Henrik
Frystyk, July 1994
The
Internet Protocol Stack
As mentioned in the Internet Section the
Internet is an abstraction from the underlying network technologies
and physical address resolution. This section introduces the basic
components of the Internet protocol stack and relates the stack to the
ISO OSI reference protocol stack model. The model of the Internet
protocol stack is illustrated in the figure below.

This documents describes the various parts presented in this diagram.
The upper layer protocols, e.g., FTP, Telnet, TFTP etc. are described
in the Presentation Layer Protocol
section. This leaves the following topics as sections in this
document:
- Internet Protocol (IP)
- User Datagram Protocol (UDP)
- Transmission Control Protocol (TCP)
- Transactional Transmission Control Protocol (T/TCP)
- TCP/IP and OSI/RM
Internet Protocol (IP)
As seen in the figure above, the Internet protocol stack provides a
connection oriented reliable branch (TCP) and an connectionless
unreliable branch (UDP) both build on top of the Internet Protocol.
The Internet Protocol
layer in the TCP/IP protocol stack is the first layer that introduces
the virtual network abstraction that is the basic principle of the
Internet model. All physical implementation details (ideally even
though this is not quite true) are hidden below the IP layer. The IP
layer provides an unreliable, connectionless delivery system. The
reason why it is unreliable stem from the fact the protocol
does not provide any functionality for error recovering for datagrams
that are either duplicated, lost or arrive to the remote host in
another order than they are send. If no such errors occur in the
physical layer, the IP protocol guarantees that the transmission is
terminated successfully.
The basic unit of data exchange in the IP layer is the Internet
Datagram. The format of an IP datagram and a short description of the
most important fields are included below:
- LEN
- The number of 32 bit-segments in the IP header. Without any
OPTIONS, this value is 5
- TYPE OF SERVICE
- Each IP datagram can be given a precedence value ranging from 0-7
showing the importance of the datagram. This is to allow
out-of-band data to be routed faster than normal data. This
is very important as Internet Control Message
Protocol (ICMP) messages travels as the data part of an IP
datagram. Even though an ICMP message is encapsulated in a IP
datagram, the ICMP protocol is normally thought of as a integral part
of the IP layer and not the UDP or TCP layer. Furthermore, the TYPE OF
SERVICE field allows a classification of the datagram in order to
specify is the service desired requires short delay time, high
reliability or high throughput.
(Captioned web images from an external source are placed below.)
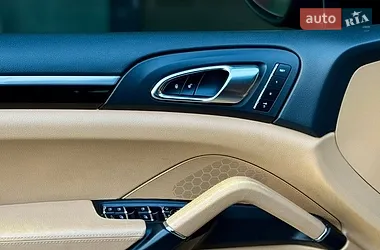 Porsche Cayenne 2014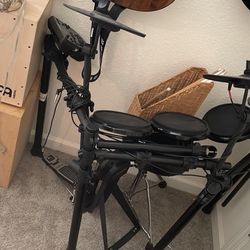 Alesis Electric Drum Set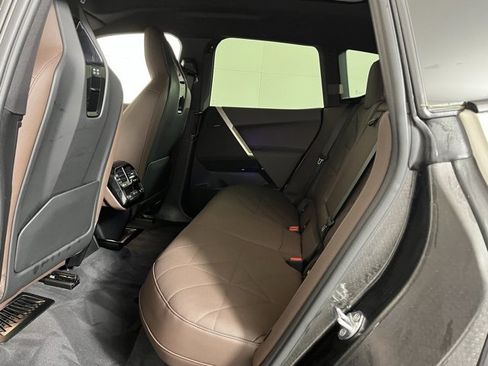 Used 2023 BMW iX xDrive50 w/ Premium Package image 19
However, in order for this to have any
effect, the gateways must know more than one route to the remote host
and as described in the Introduction,
this is not the case.
- IDENT, FLAGS, and FRAGMENT OFFSET
- These fields are used to describe fragmentation of a datagram.
The actual length of an IP datagram is in principle independent of the
length of the physical frames being transferred on the network,
referred to as the network's Maximum Transfer Unit (MTU). If
a datagram is longer than the MTU then it is divided in to a set of
fragments having almost the same header as the original datagram but
only the amount of data that fits into a physical frame. The IDENT
flag is used to identify segments belonging to the same datagram, and
the FRAGMENT OFFSET is the relative position of the fragment within
the original datagram. Once a datagram is fragmented it stays like
that until it receives the final destination. If one or more segments
are lost or erroneous the whole datagram is discarded.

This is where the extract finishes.